Exercise goal
Exactly how many lines in this material contain the string "Drive"? Reply with the number alone.

Task material
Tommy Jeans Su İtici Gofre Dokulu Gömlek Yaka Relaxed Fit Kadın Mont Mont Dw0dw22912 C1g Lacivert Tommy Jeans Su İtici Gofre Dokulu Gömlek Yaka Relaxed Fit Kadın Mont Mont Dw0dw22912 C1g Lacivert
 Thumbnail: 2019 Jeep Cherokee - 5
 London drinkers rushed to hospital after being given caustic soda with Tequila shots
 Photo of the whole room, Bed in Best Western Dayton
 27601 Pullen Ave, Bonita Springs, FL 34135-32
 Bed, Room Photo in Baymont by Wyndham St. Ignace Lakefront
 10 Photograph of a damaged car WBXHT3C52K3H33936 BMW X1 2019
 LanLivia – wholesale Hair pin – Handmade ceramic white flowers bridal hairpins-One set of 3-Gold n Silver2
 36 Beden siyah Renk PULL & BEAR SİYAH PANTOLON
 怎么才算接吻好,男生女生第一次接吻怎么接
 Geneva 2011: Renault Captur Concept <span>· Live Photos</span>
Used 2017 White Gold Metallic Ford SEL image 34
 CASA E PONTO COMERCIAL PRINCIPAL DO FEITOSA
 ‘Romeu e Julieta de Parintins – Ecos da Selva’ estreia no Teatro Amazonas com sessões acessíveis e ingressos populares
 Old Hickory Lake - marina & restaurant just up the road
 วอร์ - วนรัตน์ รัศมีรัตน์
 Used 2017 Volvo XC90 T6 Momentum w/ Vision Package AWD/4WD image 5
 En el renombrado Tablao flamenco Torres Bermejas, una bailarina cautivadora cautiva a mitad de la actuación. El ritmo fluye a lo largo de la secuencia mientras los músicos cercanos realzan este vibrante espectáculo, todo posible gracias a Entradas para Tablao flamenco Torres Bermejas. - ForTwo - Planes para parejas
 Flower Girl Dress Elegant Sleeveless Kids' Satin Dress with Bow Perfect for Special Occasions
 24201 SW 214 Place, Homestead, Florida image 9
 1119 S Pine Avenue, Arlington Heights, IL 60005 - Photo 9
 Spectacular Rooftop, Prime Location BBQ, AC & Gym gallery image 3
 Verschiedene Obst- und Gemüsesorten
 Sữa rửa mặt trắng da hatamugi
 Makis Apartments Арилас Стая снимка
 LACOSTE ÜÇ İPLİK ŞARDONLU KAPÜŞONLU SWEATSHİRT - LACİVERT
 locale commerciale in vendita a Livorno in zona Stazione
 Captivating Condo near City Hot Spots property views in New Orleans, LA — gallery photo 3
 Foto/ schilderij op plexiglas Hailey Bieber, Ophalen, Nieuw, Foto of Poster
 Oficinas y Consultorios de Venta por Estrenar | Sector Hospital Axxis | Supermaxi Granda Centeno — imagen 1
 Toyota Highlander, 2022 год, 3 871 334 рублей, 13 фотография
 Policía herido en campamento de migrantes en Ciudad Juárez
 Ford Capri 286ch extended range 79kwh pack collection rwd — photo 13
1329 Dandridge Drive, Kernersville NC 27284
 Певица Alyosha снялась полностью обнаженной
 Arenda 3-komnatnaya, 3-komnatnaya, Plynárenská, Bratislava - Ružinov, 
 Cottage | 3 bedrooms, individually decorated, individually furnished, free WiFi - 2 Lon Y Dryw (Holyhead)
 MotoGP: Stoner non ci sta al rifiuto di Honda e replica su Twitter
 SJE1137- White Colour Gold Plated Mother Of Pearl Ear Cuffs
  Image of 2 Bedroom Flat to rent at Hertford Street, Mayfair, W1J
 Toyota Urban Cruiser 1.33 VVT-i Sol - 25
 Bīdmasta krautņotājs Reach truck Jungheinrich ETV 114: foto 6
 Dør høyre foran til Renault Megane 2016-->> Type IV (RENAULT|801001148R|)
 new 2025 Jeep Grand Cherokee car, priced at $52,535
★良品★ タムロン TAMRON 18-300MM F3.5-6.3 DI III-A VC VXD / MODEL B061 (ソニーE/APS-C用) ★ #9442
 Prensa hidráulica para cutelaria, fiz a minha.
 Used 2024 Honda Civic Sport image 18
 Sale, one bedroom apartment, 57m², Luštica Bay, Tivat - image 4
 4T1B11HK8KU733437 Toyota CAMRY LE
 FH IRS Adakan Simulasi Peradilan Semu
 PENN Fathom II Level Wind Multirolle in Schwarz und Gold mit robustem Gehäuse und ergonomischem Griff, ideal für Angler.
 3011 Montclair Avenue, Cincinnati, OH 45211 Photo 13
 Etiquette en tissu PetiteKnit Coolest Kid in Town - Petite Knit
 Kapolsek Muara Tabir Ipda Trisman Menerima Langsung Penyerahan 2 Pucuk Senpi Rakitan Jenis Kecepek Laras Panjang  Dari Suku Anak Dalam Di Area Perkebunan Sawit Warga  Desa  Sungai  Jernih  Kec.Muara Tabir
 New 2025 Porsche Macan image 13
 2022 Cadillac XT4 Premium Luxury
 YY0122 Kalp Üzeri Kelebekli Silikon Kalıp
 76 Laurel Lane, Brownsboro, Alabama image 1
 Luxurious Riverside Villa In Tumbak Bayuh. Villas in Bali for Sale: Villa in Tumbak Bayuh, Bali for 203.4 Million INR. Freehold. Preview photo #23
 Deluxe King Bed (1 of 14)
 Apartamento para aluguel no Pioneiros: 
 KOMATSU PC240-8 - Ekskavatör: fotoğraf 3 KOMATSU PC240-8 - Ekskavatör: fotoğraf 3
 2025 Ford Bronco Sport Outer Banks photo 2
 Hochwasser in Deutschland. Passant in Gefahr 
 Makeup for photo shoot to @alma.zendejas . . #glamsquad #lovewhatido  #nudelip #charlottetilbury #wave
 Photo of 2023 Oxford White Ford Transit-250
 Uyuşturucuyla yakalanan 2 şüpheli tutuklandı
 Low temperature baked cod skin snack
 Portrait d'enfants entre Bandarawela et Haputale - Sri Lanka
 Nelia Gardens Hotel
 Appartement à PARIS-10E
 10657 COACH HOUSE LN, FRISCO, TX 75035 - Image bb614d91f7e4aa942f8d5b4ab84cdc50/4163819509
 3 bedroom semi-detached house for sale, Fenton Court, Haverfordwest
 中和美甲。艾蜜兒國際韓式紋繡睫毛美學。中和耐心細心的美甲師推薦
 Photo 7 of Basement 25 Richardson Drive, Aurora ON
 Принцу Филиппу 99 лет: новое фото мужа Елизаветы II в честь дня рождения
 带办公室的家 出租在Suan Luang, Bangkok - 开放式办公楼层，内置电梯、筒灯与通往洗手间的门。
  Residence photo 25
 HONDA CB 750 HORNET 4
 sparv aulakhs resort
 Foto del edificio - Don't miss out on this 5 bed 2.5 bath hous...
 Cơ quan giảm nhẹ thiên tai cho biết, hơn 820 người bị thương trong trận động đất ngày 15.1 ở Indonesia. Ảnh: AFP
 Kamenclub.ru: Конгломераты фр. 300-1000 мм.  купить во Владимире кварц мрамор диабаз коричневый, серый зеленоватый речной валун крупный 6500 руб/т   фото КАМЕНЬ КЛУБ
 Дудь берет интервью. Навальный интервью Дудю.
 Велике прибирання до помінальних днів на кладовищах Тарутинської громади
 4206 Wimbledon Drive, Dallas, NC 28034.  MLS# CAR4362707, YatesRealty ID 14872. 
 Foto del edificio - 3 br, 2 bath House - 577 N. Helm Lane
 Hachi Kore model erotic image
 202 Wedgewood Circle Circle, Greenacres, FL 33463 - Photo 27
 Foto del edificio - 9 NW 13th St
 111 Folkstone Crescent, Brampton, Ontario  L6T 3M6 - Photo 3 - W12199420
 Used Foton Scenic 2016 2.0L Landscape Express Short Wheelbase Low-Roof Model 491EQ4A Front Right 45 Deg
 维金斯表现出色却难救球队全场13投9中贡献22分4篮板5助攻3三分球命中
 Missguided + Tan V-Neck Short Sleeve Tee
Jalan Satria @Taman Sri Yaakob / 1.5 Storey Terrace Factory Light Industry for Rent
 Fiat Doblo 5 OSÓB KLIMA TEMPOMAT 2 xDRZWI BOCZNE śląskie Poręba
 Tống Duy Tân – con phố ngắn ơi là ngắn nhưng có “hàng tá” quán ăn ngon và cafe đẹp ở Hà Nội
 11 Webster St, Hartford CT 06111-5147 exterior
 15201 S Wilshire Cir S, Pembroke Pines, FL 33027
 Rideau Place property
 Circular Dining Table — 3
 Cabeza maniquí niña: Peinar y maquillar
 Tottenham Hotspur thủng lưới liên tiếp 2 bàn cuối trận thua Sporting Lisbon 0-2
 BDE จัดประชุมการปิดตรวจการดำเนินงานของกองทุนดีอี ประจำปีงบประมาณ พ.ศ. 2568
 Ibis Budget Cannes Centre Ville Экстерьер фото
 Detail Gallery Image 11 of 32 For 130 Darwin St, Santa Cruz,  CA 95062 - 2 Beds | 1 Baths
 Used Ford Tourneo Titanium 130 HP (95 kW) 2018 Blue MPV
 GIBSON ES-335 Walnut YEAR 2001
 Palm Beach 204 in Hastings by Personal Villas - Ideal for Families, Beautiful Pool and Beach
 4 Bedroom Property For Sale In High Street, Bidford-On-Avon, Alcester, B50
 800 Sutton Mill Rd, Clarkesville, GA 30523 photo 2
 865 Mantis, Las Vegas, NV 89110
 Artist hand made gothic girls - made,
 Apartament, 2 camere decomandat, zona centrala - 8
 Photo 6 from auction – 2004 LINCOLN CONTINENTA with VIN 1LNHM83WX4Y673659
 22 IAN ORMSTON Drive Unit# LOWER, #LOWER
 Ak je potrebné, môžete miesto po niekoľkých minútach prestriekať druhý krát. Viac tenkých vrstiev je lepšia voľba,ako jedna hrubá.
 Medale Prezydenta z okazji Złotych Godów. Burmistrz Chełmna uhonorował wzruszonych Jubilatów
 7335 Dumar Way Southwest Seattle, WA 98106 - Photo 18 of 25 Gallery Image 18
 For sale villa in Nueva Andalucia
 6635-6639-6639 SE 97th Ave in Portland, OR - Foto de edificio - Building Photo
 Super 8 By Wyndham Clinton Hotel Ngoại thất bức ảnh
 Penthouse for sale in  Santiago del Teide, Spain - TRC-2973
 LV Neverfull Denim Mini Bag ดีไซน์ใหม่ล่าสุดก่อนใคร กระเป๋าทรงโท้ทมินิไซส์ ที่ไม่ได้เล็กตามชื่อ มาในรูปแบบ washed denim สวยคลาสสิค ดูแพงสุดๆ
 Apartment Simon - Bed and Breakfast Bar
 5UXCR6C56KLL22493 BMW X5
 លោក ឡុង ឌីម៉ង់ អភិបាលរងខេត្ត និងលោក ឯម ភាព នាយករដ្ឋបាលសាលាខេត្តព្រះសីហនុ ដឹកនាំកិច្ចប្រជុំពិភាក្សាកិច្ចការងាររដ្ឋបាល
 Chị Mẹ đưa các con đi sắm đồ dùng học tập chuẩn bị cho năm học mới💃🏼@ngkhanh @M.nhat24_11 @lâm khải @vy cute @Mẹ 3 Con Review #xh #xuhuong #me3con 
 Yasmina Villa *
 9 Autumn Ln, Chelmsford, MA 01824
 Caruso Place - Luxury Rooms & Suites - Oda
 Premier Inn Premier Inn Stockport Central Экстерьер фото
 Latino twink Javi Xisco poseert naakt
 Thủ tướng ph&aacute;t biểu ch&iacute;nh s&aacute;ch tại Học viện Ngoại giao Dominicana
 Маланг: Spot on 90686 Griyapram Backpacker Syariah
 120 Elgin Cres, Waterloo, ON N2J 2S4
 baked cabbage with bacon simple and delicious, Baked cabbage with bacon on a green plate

Solved exercise
4